2. **Static Data Read** — pull `last_cursor` from `$getWorkflowStaticData('global').cursor`.
3. **HTTP Request**`GET http://log-proxy:8080/logs/<group>?since=<cursor>`.
4. **Function (Pattern Match)** — for each line, run severity regexes (from workflow Variables) and emit `{ severity, pattern, container, ts, line, fingerprint }` where `fingerprint = sha256(group:pattern:container)` (used for cooldown).
5. **Function (Threshold + Cooldown)**:
- `critical`: emit immediately if not in cooldown.

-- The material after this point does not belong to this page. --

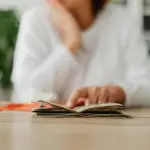 Inflacioni bazë përsërit rritjen për të dytin herë në muajn  Gusht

- `error`: count rolling matches per fingerprint over `window` minutes; emit when threshold crossed.
- `warn`: same but larger window / threshold.
- Cooldown: `staticData.cooldowns[fingerprint] = now + cooldown_minutes`; skip while still hot.
6. **Static Data Write** — update `cursor = max(ts seen)` and `cooldowns`.
7. **Execute Workflow** — call the **Notify** workflow once per emitted Alert.
**B. Notify** (single parametric workflow; called by each Poll workflow)
Input: `{ group, severity, pattern, container, ts, line, fingerprint }`
Nodes:
1. **Switch** on `severity`.
2. **critical** branch:
- **HTTP Request** → ntfy: `POST https://ntfy.rahamafresh.com/<group>-alerts` with priority=5, tags=`rotating_light`.
- **HTTP Request** → Evolution API: `POST https://<evolution-api-fqdn>/message/sendText/<instance>` with `{ number, text }`. Credentials via n8n credentials store.
3. **error** branch: ntfy only, priority=4.
4. **warn** branch: ntfy only, priority=3.
5. **Append-row** (Postgres node, optional) → `alerts_audit` table for history.
### 4. Defaults (tunable per group via workflow Variables)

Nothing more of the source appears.